The patches can be found in the -mm releases or at:
http://www.kernel.org/pub/linux/kernel/people/gregkh/gregkh-2.6/gregkh-01-driver/uio.patch
- UIO core
http://www.kernel.org/pub/linux/kernel/people/gregkh/gregkh-2.6/gregkh-01-driver/uio-documentation.patch
- UIO documentation
http://www.kernel.org/pub/linux/kernel/people/gregkh/gregkh-2.6/gregkh-01-driver/uio-dummy.patch
http://www.kernel.org/pub/linux/kernel/people/gregkh/gregkh-2.6/gregkh-01-driver/uio-irq.patch
- two example kernel modules and userspace programs showing how to
use the UIO interface.

If anyone has any questions on how to use this interface, or anything
else about it, please let me and Thomas know.

thanks,

greg k-h



2006-12-14 06:16:31

by Ben Nizette

[permalink] [raw]
Subject: Re: Userspace I/O driver core

Greg KH wrote:
> But in order to get this core into the kernel tree, we need to have some
> "real" drivers written that use it. So, for anyone that wants to see
> this go into the tree, now is the time to step forward and post your
> patches for hardware that this kind of driver interface is needed.
>
We have a product being developed currently for which this interface is
perfect.

The situation is that we have Linux collecting data from very many
sources. The data is processed by throwing it at a memory address at
which an FPGA lives. The FPGA processes the data and generates an
interrupt upon completion at which time the processed data can be read
back out. Linux doesn't know anything about the data except it's source
and destination and, for security reasons, it has to stay that way. As
such a formal driver makes little sense: data gets written to a memory
address and a little while later it is read out again, that's it. The
only fly in the ointment is the interrupt. Before I knew about these
UIO patches I had written what effectively was a smaller version of UIO
to handle this interrupt. With the UIO patches the whole process
becomes trivial and I (along with my boss) become happy :-)

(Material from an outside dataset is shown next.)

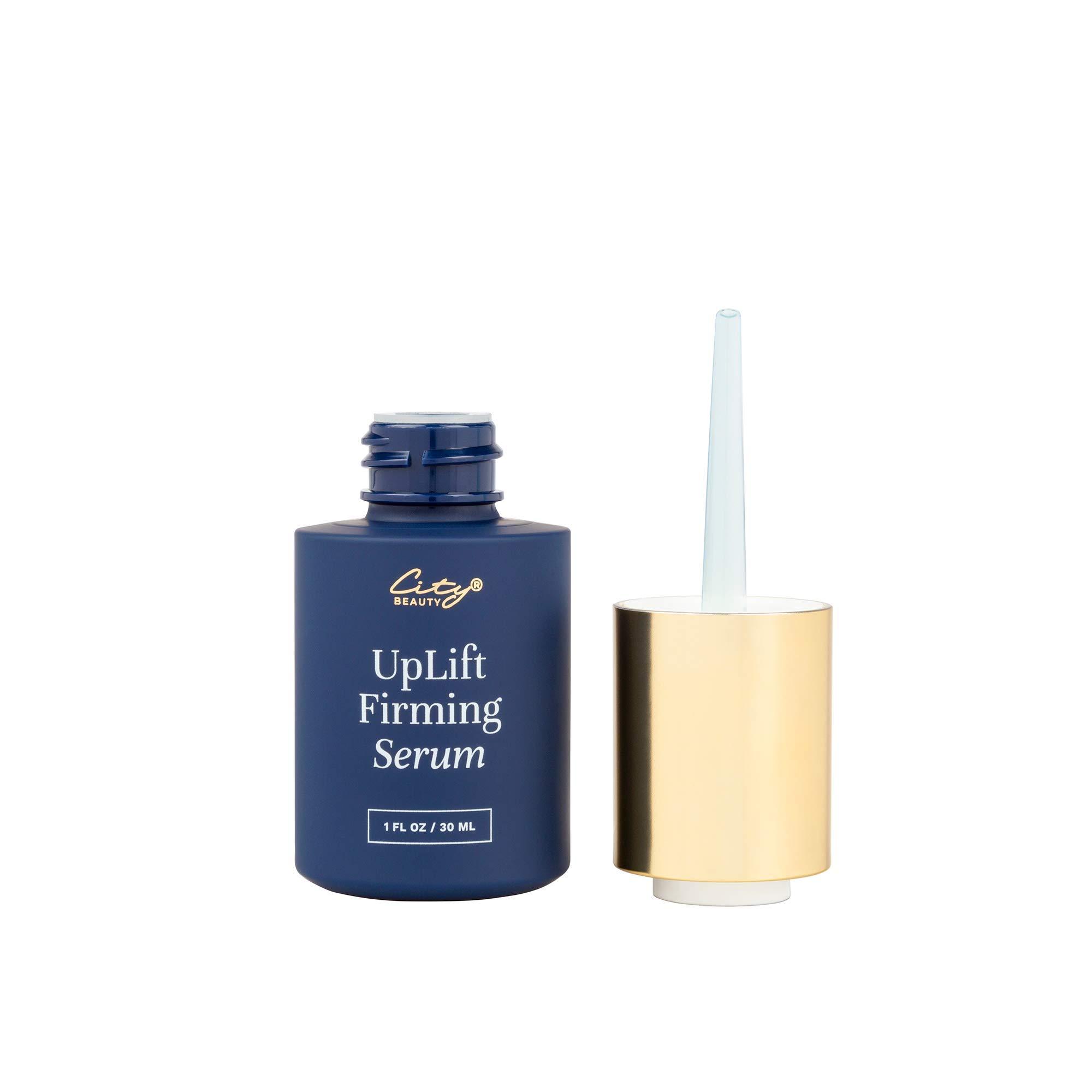 City Beauty City Beauty UpLift Firming Serum - Face Serum - Lift & Tighten - Natural Sagging Skin Solution with Deep-Sea Extracts - Visibly Smooth Fine Lines & Wrinkles - - Cruelty-Free Skin Care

I shall submit a patch once I move my code over but it's almost not
worth it, it will be truly trivial.

I can see a similar scenario being played out a lot in industrial
control and other embedded systems. For example, if you just want to
monitor a set of data but interrupt if something critical happens (or
even just when the data is updated). All an in-kernel driver would do
is handle an interrupt and perform copy_{to,from}_user()s but it would
have to have a fair bit of fluff around it to signal to userland that
the interrupt had occured. UIO is a clean, standard and powerful form
of that fluff. Congrats to all who worked on her.

Regards,
Ben.

2006-12-14 10:04:17

by Avi Kivity

[permalink] [raw]
Subject: Re: Userspace I/O driver core

Greg KH wrote:
> A large number of people have expressed interest recently in the
> userspace i/o driver core which allows userspace drivers to be written
> to handle some types of hardware.
>
> Right now the UIO core is working and in the -mm releases. It's been
> rewritten from the last time patches were posted to lkml and is much
> simpler. It also includes full documentation and two example drivers
> and two example userspace programs that test those drivers.
>
> But in order to get this core into the kernel tree, we need to have some
> "real" drivers written that use it. So, for anyone that wants to see
> this go into the tree, now is the time to step forward and post your
> patches for hardware that this kind of driver interface is needed.
>
>
[...]

> If anyone has any questions on how to use this interface, or anything
> else about it, please let me and Thomas know.
>
>

I understand one still has to write a kernel driver to shut up the irq.
How about writing a small bytecode interpreter to make event than
unnecessary?

The userspace driver would register a couple of bytecode programs:
is_interrupt_pending() and disable_interrupt(), which the uio framework
would call when the interrupt fires.

The bytecode could reuse net/core/filter.c, with the packet replaced by
the mmio or ioregion, or use something new.

--
error compiling committee.c: too many arguments to function

2006-12-14 10:19:34

by Arjan van de Ven

[permalink] [raw]
Subject: Re: Userspace I/O driver core


> I understand one still has to write a kernel driver to shut up the irq.
> How about writing a small bytecode interpreter to make event than
> unnecessary?

if you do that why not do a real driver.


2006-12-14 10:25:18

by Hans J. Koch

[permalink] [raw]
Subject: Re: Userspace I/O driver core

Am Donnerstag, 14. Dezember 2006 10:44 schrieb Avi Kivity:

>
> I understand one still has to write a kernel driver to shut up the irq.
> How about writing a small bytecode interpreter to make event than
> unnecessary?
>
> The userspace driver would register a couple of bytecode programs:
> is_interrupt_pending() and disable_interrupt(), which the uio framework
> would call when the interrupt fires.
>
> The bytecode could reuse net/core/filter.c, with the packet replaced by
> the mmio or ioregion, or use something new.
>

I think this would be overkill. The kernel module you have to write
is _really_ very simple. And it has to be written only once, so even
a manufacturer who employs no experienced kernel developers can
easily outsource that task.

Hans

2006-12-14 10:44:22

by Alan

[permalink] [raw]
Subject: Re: Userspace I/O driver core

> But in order to get this core into the kernel tree, we need to have some
> "real" drivers written that use it. So, for anyone that wants to see
> this go into the tree, now is the time to step forward and post your
> patches for hardware that this kind of driver interface is needed.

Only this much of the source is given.